WARNING: THIS WILL LOSE MAIL when the message has more than one recipient.
You must specify "procmail_destination_recipient_limit=1" in main.cf.
Wietse
Quote 1 from pipe(8) manpage:
SINGLE-RECIPIENT DELIVERY
Some destinations cannot handle more than one recipient per delivery
request. Examples are pagers or fax machines.

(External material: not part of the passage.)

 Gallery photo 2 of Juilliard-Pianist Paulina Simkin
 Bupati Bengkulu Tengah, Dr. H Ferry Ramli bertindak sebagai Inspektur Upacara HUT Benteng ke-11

In addition, multi-
recipient delivery is undesirable when prepending a Delivered-to: or X-
Original-To: message header.
To prevent Postfix from sending multiple recipients per delivery
request, specify
transport_destination_recipient_limit = 1
in the Postfix main.cf file, where transport is the name in the first
column of the Postfix master.cf entry for the pipe-based delivery
transport.
Quote 2 from the pipe(8) manpage:
${recipient}
This macro expands to the complete recipient address.
A command-line argument that contains ${recipient}
expands to as many command-line arguments as there are
recipients.
Presumably, this also applies to the ${domain} expansion.